*Dataset excerpts*
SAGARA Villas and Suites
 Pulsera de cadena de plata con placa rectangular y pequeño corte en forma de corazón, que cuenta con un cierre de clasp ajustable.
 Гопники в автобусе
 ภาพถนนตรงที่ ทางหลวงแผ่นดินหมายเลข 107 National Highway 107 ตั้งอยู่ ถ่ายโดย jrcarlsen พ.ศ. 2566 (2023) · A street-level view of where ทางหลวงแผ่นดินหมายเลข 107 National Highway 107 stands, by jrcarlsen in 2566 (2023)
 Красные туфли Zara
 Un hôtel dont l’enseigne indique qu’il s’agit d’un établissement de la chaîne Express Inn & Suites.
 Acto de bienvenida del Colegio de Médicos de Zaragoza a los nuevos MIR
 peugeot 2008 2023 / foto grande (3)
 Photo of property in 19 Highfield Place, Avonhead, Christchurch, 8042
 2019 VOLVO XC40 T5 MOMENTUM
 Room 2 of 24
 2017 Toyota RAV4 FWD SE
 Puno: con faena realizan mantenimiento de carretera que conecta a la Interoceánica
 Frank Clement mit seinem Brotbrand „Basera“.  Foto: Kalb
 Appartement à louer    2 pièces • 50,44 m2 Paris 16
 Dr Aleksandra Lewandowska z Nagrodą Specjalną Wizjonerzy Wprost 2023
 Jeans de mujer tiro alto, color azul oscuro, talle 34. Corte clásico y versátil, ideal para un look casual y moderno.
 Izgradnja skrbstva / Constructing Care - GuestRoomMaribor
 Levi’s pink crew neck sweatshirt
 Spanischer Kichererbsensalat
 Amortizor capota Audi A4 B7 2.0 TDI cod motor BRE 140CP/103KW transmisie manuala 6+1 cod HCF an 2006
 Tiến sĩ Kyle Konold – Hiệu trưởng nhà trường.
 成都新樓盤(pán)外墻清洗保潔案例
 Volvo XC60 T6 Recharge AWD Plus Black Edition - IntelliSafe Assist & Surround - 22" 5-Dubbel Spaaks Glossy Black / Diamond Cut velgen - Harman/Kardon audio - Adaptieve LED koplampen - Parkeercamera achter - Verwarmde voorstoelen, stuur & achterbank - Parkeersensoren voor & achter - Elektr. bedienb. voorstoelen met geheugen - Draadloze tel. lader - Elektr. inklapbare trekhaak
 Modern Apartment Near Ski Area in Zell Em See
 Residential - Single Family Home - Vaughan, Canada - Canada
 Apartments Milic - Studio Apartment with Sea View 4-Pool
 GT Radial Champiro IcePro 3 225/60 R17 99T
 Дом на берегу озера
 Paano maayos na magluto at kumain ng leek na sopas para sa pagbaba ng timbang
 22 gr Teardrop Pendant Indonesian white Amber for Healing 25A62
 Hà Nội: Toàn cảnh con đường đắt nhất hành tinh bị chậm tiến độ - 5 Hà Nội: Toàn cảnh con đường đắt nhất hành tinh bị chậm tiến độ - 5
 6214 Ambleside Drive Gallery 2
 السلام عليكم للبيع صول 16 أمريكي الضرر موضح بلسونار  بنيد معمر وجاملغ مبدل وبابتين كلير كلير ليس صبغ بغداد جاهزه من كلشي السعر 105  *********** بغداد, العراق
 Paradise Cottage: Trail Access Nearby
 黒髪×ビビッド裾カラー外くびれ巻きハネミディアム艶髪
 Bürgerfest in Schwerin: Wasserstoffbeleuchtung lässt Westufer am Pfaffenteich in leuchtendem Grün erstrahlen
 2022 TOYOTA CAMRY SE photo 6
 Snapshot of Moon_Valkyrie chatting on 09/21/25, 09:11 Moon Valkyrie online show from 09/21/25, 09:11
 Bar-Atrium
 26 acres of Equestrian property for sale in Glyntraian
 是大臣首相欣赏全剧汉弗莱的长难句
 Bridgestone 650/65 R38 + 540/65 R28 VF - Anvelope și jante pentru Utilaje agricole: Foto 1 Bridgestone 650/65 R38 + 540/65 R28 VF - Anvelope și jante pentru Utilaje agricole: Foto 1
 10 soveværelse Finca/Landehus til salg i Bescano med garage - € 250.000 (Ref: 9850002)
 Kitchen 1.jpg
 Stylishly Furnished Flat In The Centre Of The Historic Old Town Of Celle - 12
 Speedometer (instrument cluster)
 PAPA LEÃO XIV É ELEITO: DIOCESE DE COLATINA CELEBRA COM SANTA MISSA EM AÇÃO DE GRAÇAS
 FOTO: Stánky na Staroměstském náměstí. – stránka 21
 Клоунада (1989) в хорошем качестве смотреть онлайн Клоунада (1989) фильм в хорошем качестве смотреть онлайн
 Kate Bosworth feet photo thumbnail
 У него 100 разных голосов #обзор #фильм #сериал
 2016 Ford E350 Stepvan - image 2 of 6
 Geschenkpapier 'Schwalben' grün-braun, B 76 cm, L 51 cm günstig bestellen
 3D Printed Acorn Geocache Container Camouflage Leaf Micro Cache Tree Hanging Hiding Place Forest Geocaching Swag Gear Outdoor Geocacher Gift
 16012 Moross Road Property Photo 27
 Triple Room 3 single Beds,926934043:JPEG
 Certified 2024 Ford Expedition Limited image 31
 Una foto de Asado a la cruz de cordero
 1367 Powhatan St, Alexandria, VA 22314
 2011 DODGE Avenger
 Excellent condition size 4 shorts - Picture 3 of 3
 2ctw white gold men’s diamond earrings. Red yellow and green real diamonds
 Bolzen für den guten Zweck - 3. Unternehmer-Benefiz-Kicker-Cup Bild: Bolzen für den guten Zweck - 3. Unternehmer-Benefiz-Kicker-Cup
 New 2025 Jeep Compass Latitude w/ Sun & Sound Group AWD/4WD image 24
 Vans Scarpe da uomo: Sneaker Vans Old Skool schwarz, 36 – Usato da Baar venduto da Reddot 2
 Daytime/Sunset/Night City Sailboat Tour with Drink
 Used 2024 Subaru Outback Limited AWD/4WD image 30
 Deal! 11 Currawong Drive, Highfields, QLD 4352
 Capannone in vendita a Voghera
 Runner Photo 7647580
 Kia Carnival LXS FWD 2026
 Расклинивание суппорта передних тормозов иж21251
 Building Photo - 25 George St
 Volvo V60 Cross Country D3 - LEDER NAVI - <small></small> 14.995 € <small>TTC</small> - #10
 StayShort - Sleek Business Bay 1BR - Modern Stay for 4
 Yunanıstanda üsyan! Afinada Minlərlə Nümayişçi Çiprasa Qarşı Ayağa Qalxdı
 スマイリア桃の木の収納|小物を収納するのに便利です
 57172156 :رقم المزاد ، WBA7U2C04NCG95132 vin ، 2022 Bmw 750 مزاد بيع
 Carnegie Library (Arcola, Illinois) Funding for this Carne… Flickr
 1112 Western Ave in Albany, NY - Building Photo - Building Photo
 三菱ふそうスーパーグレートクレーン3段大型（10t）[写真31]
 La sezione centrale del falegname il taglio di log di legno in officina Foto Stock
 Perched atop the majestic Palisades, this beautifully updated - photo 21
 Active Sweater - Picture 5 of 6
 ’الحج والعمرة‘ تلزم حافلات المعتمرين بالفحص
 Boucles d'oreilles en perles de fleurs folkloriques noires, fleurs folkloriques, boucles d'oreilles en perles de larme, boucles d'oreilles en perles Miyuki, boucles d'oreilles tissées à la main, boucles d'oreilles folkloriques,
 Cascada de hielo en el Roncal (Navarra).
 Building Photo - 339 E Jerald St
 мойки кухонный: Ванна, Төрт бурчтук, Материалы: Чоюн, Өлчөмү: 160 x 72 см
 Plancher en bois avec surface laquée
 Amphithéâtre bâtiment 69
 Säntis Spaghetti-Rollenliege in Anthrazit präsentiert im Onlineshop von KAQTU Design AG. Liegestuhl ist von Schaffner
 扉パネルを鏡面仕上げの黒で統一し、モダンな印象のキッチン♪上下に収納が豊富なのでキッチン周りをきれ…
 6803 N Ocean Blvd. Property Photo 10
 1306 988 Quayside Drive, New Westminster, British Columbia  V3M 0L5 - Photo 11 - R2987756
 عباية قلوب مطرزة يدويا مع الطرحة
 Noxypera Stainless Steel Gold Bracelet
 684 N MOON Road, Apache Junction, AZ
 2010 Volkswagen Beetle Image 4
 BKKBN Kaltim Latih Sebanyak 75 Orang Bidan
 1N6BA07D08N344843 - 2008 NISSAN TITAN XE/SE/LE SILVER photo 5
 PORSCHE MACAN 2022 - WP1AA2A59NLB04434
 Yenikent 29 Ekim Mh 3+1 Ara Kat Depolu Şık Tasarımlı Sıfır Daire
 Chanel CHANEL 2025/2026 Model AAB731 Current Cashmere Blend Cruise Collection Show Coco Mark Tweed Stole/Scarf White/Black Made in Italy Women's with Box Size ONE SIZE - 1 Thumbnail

*Your task*
Where the word "this" shows up in a line of the listing, return that line.

*Result*
 Carnegie Library (Arcola, Illinois) Funding for this Carne… Flickr
 Perched atop the majestic Palisades, this beautifully updated - photo 21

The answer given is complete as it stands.